PS: Can you speak a bit to the importance of exposing children to music from an early age?
LB: Music creates this incredibly holistic experience for kids. If you are in a situation where a child is constantly exposed to music, it encourages them to express themselves, to move their bodies, and just learn simple things about rhythm and dynamics and contrasts and melody without having to talk about it. It's completely fun for them, and if they're at a class with a caregiver whom they feel loved by, they connect music to that feeling of love. It becomes something that for the rest of their lives is just a positive experience.

PS: Tell us, what inspires a lot of your songs? How do you come up with them?
LB: It's a mix. A lot of times I'm thinking, "If I were a kid, what would I like?" I connect to that in a lot of ways, some of it is from my own memories; some of it is watching kids of that age group.
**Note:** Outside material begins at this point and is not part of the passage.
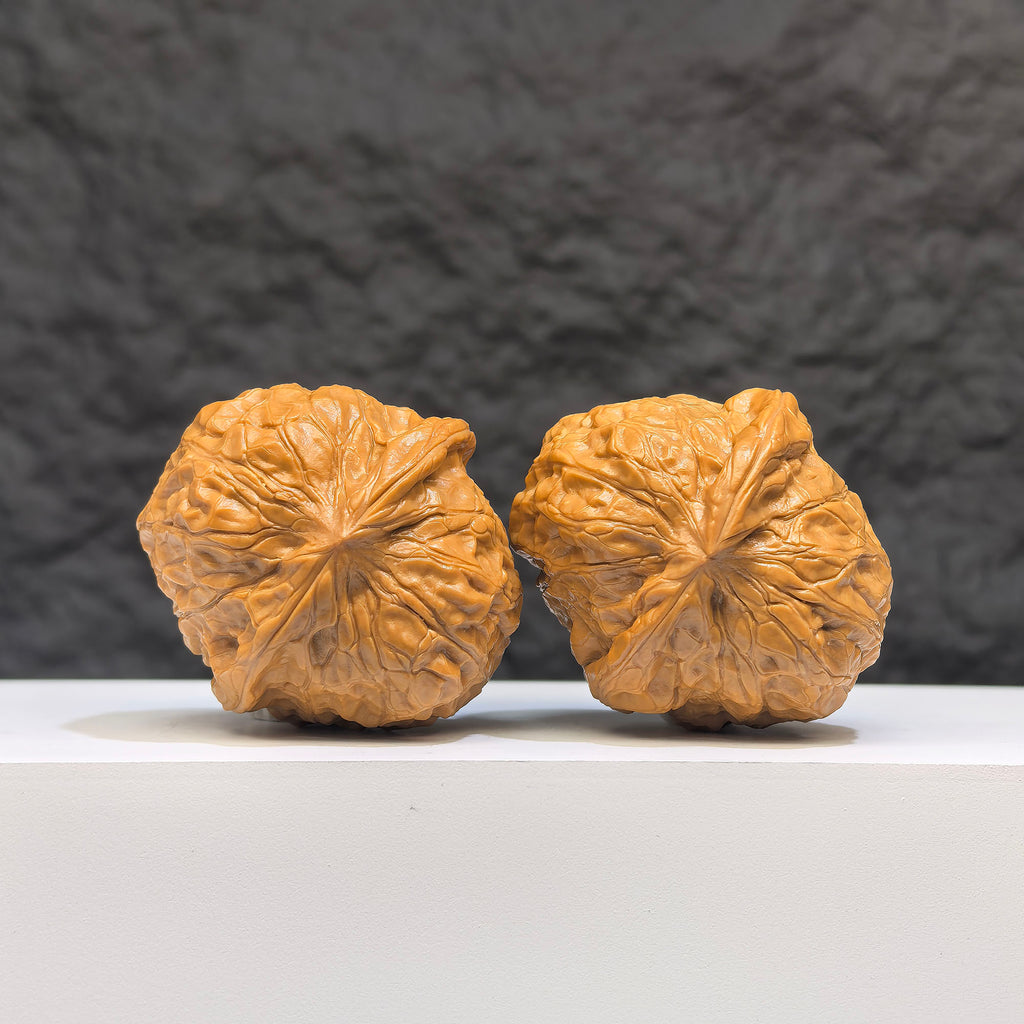 Pair of Small Pumpkin Pier Wenwan Walnuts from Wenwan Art, miniature walnuts measuring 38x40mm, with detailed carved pumpkin design.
I used to also just go on the bus and ride around at 3 o'clock as people were coming out of school and eavesdrop.

I've literally had a kid say, "I have a song in my tummy and it wants to come out, Laurie!" Oh! Well, there's a song. So I am always sort of waiting for that kind of thing to drop into my lap. I try to make sure that whatever I'm doing, there is something in there that will universally connect with kids and maybe (hopefully!) with their parents at the same time.

It also has to be something that I can sing over and over again. I hate to date myself, but I have actually been working with this age group for more than 20 years, so some of those songs I wrote very early on — I've been singing them for a very long time!

PS: Do you get tired of them?
LB: No, I'm not, actually! And that's what is so amazing! One of the great things about music is that, of course, every single time you are doing it live, you can change it. It doesn't ever have to be exactly the same way, and as long as it's close [to the original], people are usually OK with it. Sometimes it doesn't make the listener that happy, but it makes it easier for me to keep feeling excited and alive when I am sharing music that I have written and have sung hundreds and hundreds of times. But I do really feel that it's still fun, which I am kind of amazed by.

PS: Your job is obviously not a typical 9-to-5 office job. How do you balance work with being a mom? [Laurie's daughter, Lucy, is 10.]
LB: Well, my typical answer is that I have never been that good at it. One thing that I have ended up doing is when Lucy is interested, I bring her to things that I can, which I have the luxury of because I have a family-friendly job most of the time. Otherwise, I guess I just find myself doing what I think other people do — squeezing in emails at night after she goes to bed and in the morning when she is getting ready for school.

It's been easier as she's gotten older, because she has more independence and a lot more on her plate right now. But I remember when she was a lot younger, I felt like the most important thing was spending time with her, and yet when I didn't take time to myself, I was kind of a mean crank with her, so I had to try and make sure I did things for me.

And I guess the biggest thing was asking for help — whether that meant hiring a babysitter when I felt guilty about it, asking my husband to cover things, or even being able to take a walk on my own when I really needed it. I think that probably the most important thing is remembering that you can ask for help and it is probably better for everyone in the long run.